> Task goal:
Repeat exactly the lines of the records below, starting at the line containing "Palm trees over" and ending at the line containing "A laboratory worker". Leave the pictures out.

(Records from a data collection)
────────────────────────────────────────

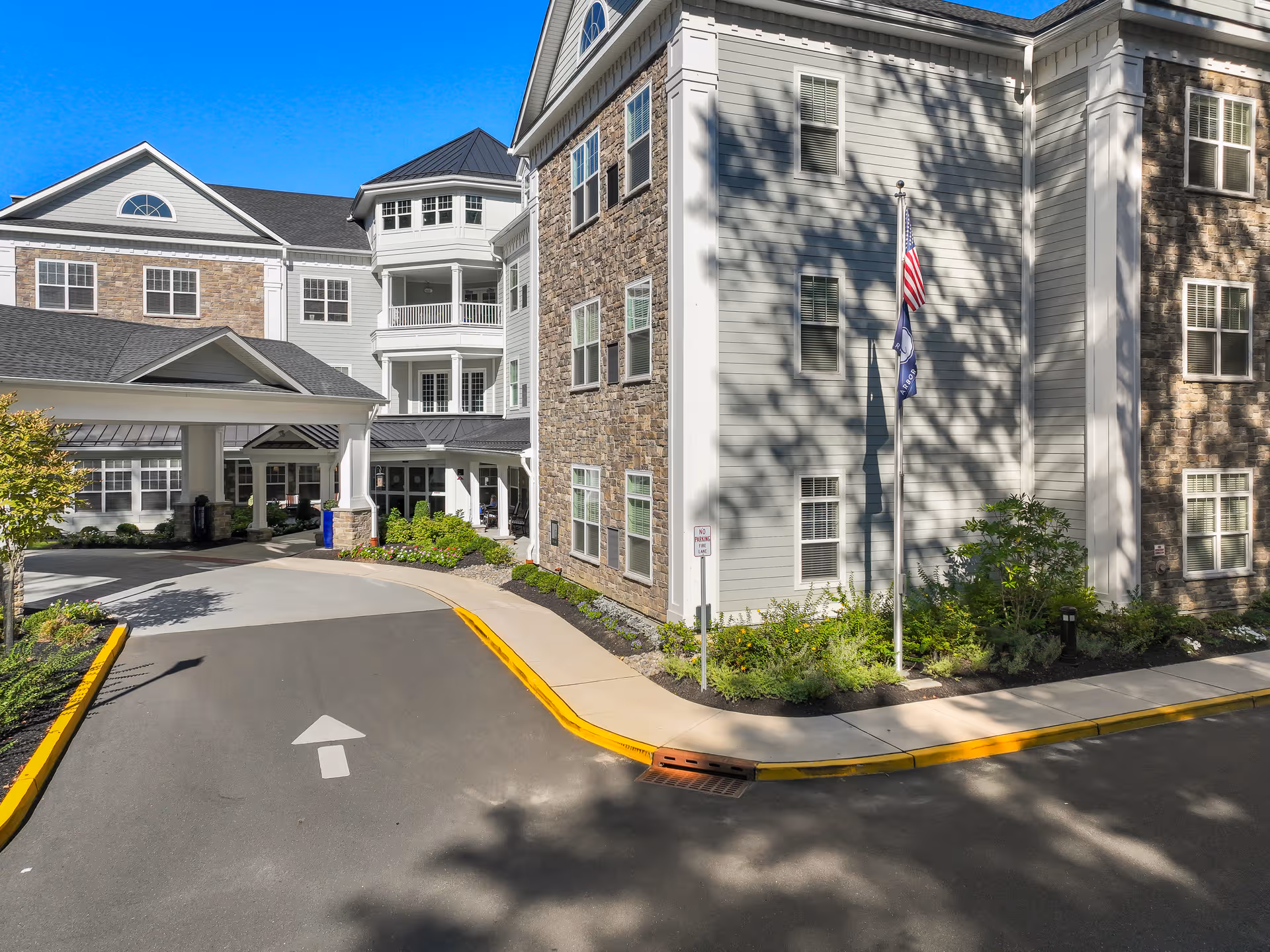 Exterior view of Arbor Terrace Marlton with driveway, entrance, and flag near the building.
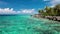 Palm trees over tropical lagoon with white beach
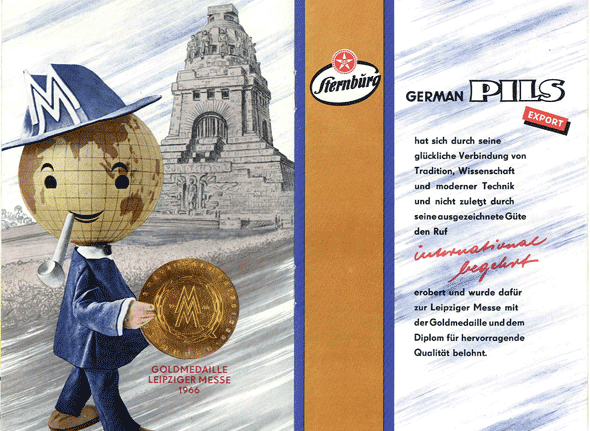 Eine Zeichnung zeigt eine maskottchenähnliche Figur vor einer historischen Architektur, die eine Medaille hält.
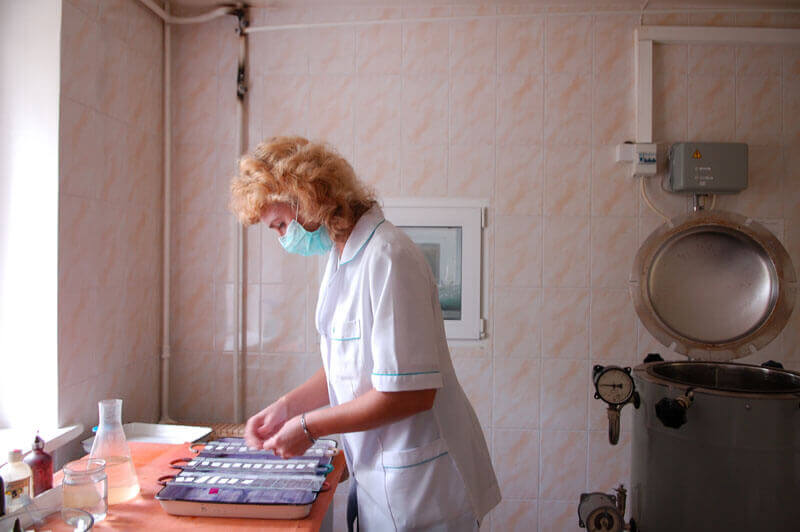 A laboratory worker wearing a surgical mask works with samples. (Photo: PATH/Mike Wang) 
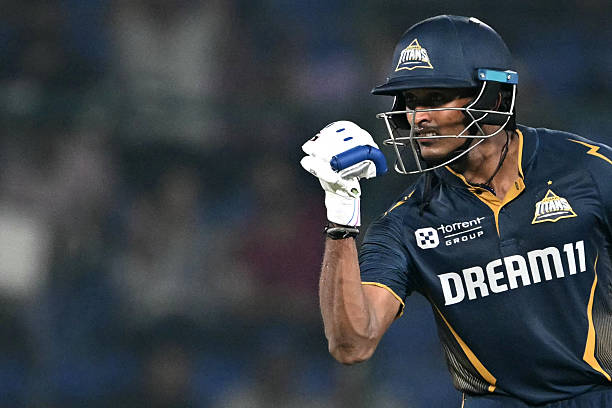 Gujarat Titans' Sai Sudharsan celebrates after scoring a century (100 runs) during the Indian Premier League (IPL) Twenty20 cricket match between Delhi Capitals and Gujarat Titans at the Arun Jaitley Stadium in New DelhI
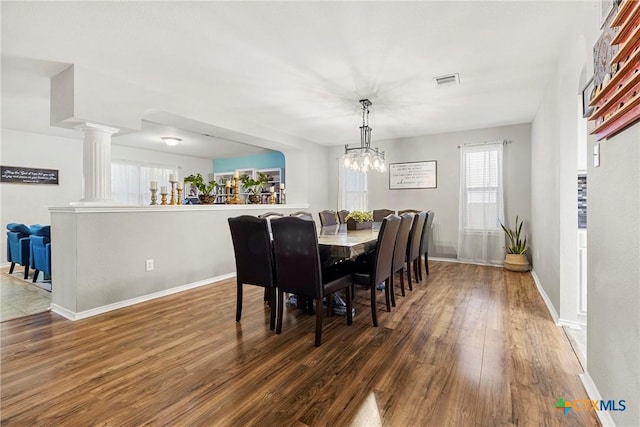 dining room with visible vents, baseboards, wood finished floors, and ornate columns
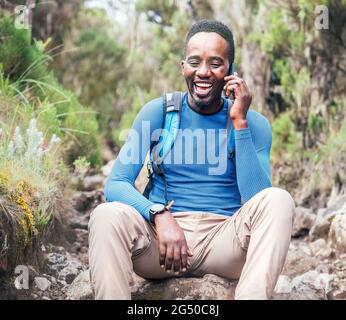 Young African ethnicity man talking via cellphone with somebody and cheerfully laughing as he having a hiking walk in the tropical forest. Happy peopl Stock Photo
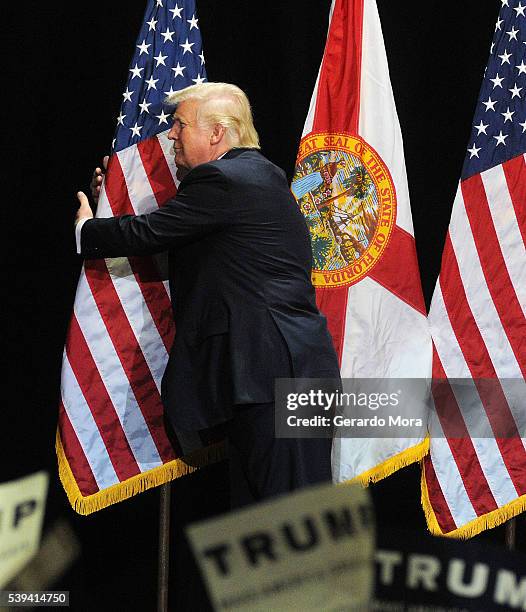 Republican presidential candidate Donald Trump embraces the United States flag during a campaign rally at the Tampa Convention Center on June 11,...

────────────────────────────────────────

> Answer box:
 Palm trees over tropical lagoon with white beach
 Eine Zeichnung zeigt eine maskottchenähnliche Figur vor einer historischen Architektur, die eine Medaille hält.
 A laboratory worker wearing a surgical mask works with samples. (Photo: PATH/Mike Wang) 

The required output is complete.